Lungenkrebs hat mehrere mögliche Ursachen. Während Tabakrauchen die Hauptursache für Lungenkrebs ist, gibt es noch viele andere Risikofaktoren.
In diesem Artikel werden die häufigsten Ursachen und Risikofaktoren für Lungenkrebs untersucht. Es hilft Ihnen auch dabei, Lungenkrebsrisiken zu erkennen, sodass Sie Ihren Lebensstil so wählen können, dass diese Risiken verringert werden.
Inhaltsverzeichnis
Häufige Ursachen und Risikofaktoren
Eine Ursache ist etwas, das direkt zur Entstehung einer Krankheit beiträgt. Beispielsweise kann eine Person Lungenkrebs haben, der durch Rauchen verursacht wurde. Im Gegensatz dazu ist ein Risikofaktor etwas, das die Entwicklung einer Krankheit verursachen könnte, dies aber noch nicht getan hat. Wenn Sie Raucher sind, aber keinen Lungenkrebs haben, dann ist Rauchen lediglich ein Risikofaktor für Lungenkrebs.

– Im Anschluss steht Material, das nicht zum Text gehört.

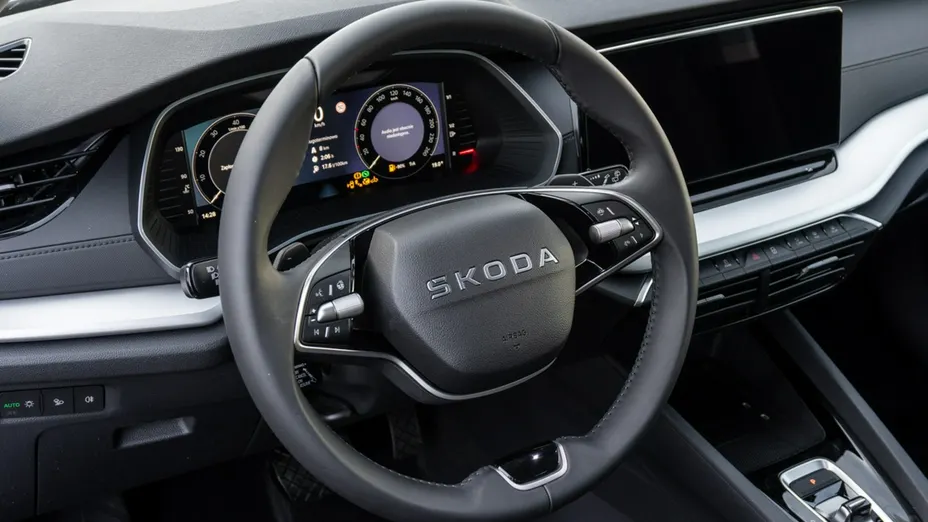 SKODA Octavia -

Lungenkrebs ist mit einer Reihe möglicher Ursachen und Risikofaktoren verbunden. Eine Person kann aufgrund der Exposition gegenüber Chemikalien oder genetisch bedingt Lungenkrebs entwickeln. Manchmal gibt es keine klare Ursache. Menschen, die beispielsweise nie geraucht haben und denen keine langfristige Exposition gegenüber Chemikalien bekannt ist, können dennoch an Lungenkrebs erkranken. Die häufigste Ursache ist jedoch das Rauchen.
Rauchen
Rauchen ist für etwa 80 bis 90 % der Todesfälle durch Lungenkrebs in den Vereinigten Staaten verantwortlich. Das Risiko, dass jemand, der raucht, an Lungenkrebs erkrankt, ist 15 bis 30 Mal höher als das eines Nichtrauchers. 1
Das Risiko einer Herzerkrankung sinkt, wenn Sie mit dem Rauchen aufhören. Leider kann das Lungenkrebsrisiko jedoch noch Jahre oder sogar Jahrzehnte bestehen bleiben, nachdem Sie mit dem Rauchen aufgehört haben. Tatsächlich sind die meisten Menschen, die heute an Lungenkrebs erkranken, keine Raucher, sondern ehemalige Raucher . 2
Ungefähr 10 bis 20 % der Todesfälle durch Lungenkrebs in den Vereinigten Staaten ereignen sich bei Nichtrauchern. 1 Weltweit sind schätzungsweise 25 % der Lungenkrebspatienten Nichtraucher. 3
Zigarrenrauchen ist weniger gefährlich als Zigarettenrauchen. Dennoch ist die Wahrscheinlichkeit, an Lungenkrebs zu erkranken, bei Zigarrenrauchern elfmal höher als bei Nichtrauchern. 4 Es gibt eine Debatte darüber, ob das Rauchen von Marihuana das Lungenkrebsrisiko erhöht. Es gibt jedoch gute Hinweise darauf, dass das Rauchen einer Shisha (Wasserpfeife) ein erhöhtes Risiko darstellt. 5
Lungenkrebs ist nicht die einzige Krebsart, die mit dem Rauchen in Zusammenhang steht. Viele Krebsarten des Verdauungssystems sowie eine Art Leukämie stehen im Zusammenhang mit dem Rauchen. Auch wenn Sie bereits an Krebs erkrankt sind, ist es wichtig, mit dem Rauchen aufzuhören, denn mit dem Rauchen aufzuhören kann die Überlebenschancen verbessern . 4
Alter
Das Alter ist ein wichtiger Risikofaktor für Lungenkrebs. Mit zunehmendem Alter tritt die Erkrankung häufiger auf. Aus diesem Grund empfiehlt die US Preventive Services Task Force Lungenkrebs-Screenings für Menschen über 50, die in der Vergangenheit geraucht haben.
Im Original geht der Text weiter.